Элементы некоего нового сюжетного строения, заключающегося в наличии слабо связанных между собою эпизодов, сцен, не «работающих» непосредственно на развитие сюжета, отсутствие ярко выраженного фабульного движения появлялись в 60–80-е годы прошлого века в самых разных жанрах и у самых разных писателей. Еще Салтыков-Щедрин иронизировал (поводом послужила повесть В. П. Авенариуса): «Чтобы написать повесть, роман, комедию, драму вроде „Поветрия“, нужно только сесть у окошка и пристально глядеть на улицу. Прошел по улице франт в клетчатых штанах – записать; за ним прошла девица с стрижеными волосами – записать; а если она при этом подняла платье и показала ногу – записать дважды; потом проехал извозчик и крикнул на лошадь: „Эх ты, старая!“ – записать.

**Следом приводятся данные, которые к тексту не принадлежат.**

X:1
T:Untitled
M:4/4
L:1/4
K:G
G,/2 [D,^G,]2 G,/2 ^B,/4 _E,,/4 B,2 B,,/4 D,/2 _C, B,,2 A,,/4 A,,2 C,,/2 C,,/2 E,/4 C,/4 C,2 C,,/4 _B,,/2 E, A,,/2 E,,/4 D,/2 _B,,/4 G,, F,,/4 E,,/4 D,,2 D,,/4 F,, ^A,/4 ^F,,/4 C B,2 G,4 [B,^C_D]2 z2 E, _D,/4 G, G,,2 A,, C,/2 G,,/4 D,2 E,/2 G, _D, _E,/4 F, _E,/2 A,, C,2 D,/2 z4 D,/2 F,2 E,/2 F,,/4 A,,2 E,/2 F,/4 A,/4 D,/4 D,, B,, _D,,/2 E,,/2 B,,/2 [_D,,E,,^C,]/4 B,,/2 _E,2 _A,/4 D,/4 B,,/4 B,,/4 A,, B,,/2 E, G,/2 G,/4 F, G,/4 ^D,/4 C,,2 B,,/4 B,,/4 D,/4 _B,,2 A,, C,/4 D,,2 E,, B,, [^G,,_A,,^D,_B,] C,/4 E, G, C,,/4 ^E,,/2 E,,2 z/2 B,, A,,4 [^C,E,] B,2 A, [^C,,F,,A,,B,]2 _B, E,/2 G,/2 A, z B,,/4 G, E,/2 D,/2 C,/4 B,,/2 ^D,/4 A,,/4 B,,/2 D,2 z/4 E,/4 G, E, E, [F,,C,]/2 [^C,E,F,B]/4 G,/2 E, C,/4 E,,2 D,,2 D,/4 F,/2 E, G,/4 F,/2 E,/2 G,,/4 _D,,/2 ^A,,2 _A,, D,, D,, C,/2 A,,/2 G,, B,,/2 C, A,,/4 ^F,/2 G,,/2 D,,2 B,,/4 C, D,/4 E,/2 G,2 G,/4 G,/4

Посидевши таким образом у окна суток с двое, можно набрать такое множество наблюдений самых разнообразных, что затем остается только бежать в типографию и просить метранпажа привести их в порядок»[344]
.Но вот что за десять лет до того писали о самом Щедрине: «Что такое большая часть „Очерков“? Случаи из действительной жизни, рассказанные очень умно и занимательно, но все же не более как случаи, которые могли бы быть, а могли и не быть <…> Случай, взятый из действительной жизни и перенесенный в литературное произведение, тогда только становится правдой в истинном смысле этого слова, когда проникнут идеей, которая одна может дать ему смысл и значение, скрепить между собою подробности события и осветить их надлежащим образом»[345]
. Дистанция между Авенариусом и Щедриным огромна; но в очерках Щедрина, очевидно, были некоторые внешние черты, сходные с возникающей литературой новых способов объединения материала; ее воздействие испытало и позднее творчество сатирика.